Iowa Attorney General Tom Miller is part of a plan announced by the e-cigarette maker JUUL to keep kids from using their devices.
Miller says a group of public health experts will work on a model of how combustible that all e-cigarette companies can use.
“We’ll work with them to try and develop the best practices for a company that sells either cigarettes or e-cigarettes to take the practices that keep the product from kids,” Miller says. E-cigarette sales are banned to anyone under 18. Miller says they want to be sure kids know that e-cigarettes have their own problems.
“The whole idea is that e-cigarettes are addictive like a combustible — and we’re concerned about kids becoming addicted to nicotine,” according to Miller. “It is true that e-cigarettes are dramatically less harmful than combustibles. I think kids know that and they are right about that. But, that’s not a reason to try and e-cigarette.” JUUL is contributing $30 millions to independent research on the issue and Miller says it’s key to have a manufacturer get involved in the effort.

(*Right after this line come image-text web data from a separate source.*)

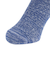クー（Coo.）アンクル麻混ソックス NVY 1足組 24S895CO4GSA0059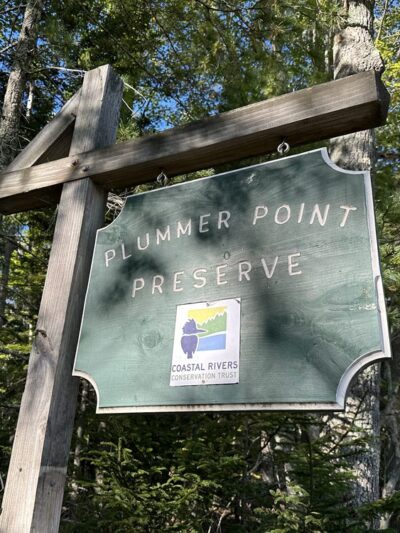 Plummer Point Preserve - Walpole, ME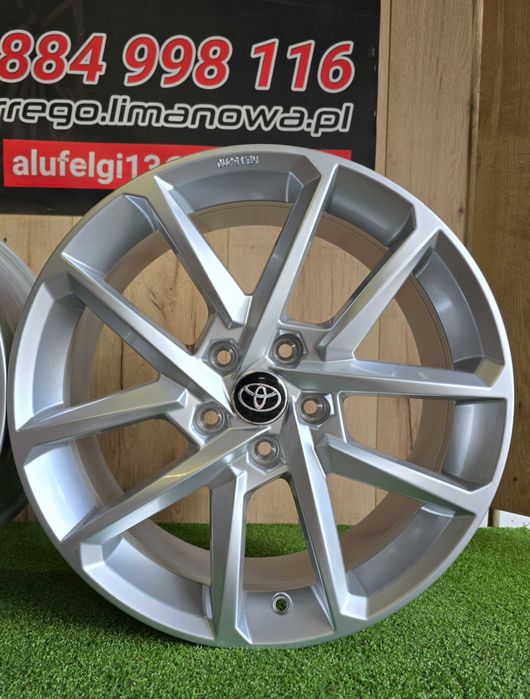 NOWE ALUFELGI TOYOTA 18x5x114,3 - Camry C-Hr-, Yaris Cross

“It’s really important for JUUL to step forward in this way. We’ve never had an opportunity like this to work with company that’s committed to not selling to kids. That frankly is very successful selling to adults so they don’t have to sell to kids. And are committed and willing to do what’s necessary to work with us to do that,” Miller says. “It’s a unique opportunity that we are really trying to seize.”
The effort to keep kids from not smoking the regular cigarettes has been underway for decades. Miller says the e-cigarette effort is much different. “In the most important category — daily use — we are just light years ahead of where we were on combustibles,” Miller says. Miller says Juul’s work is important in making a difference.
“JUUL has a great start on this whole issue, they don’t sell to kids that under 21 even though it is legal in most states,” Miller says. “They have a very good verification system when they sell the product to make sure the (buyer) is 21. They monitor social media in terms of sales to kids. And they do some work in terms of their retailers in sales to minors.”
Miller says the most recent numbers available show among 15-to-17-year-olds, only seven percent have ever tried or used JUUL in their lifetimes.